El Colón no ha interpelado, por otra parte, a sectores de la cultura y las artes con los que debería tener una relación fluida. Tanto la literatura como el teatro argentinos de los últimos años tienen trascendencia internacional y, sin embargo, no han tenido cabida en sus programaciones. No hay óperas basadas en Borges, Cortázar, Rodolfo Walsh, Manuel Puig, Juan José Saer o Germán Oesterheld (la cancha de River nevada no quedaría nada mal en el escenario del Colón). Y Ricardo Bartís, Mauricio Kartun, Javier Daulte, Claudio Tolcachir o Rafael Spregelburd, por sólo nombrar a unos pocos, han realizado nada en esa sala.

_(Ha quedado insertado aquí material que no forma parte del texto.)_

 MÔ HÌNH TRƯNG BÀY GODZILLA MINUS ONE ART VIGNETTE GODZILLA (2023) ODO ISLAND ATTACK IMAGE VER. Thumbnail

En relación con el público, si en una ciudad en la que los festivales de teatro, de cine independiente o de jazz movilizan multitudes, y muy pocas de esas personas sienten que el Colón tiene algo para decirles, algo que debería hacerse no se está haciendo. La lista de posibilidades es amplia y la elección dependerá, desde luego, del enfoque de la dirección. Pueden implementarse concursos o encargos, abonos transversales (con títulos de ópera, sinfónicos y también del Centro de Experimentación) o especiales (como el que el Mozarteum sostiene desde hace décadas, para menores de 25 años y a muy bajo precio). Pueden llevarse espectáculos del Colón fuera de sus fronteras o buscar maneras de mostrar lo que allí sucede a quienes no lo descubrirían por sí mismos. Puede trabajarse en las escuelas y los conservatorios, puede haber programas de radio o de televisión (hay una radio municipal y un canal de la ciudad que bien podrían aprovecharse). Lo que no se puede, si se asume que el Colón es un bien público y que hay motivos sobrados para que así sea, es no hacer nada para que deje de funcionar como un lugar de costosas fiestas privadas pagadas por la comunidad.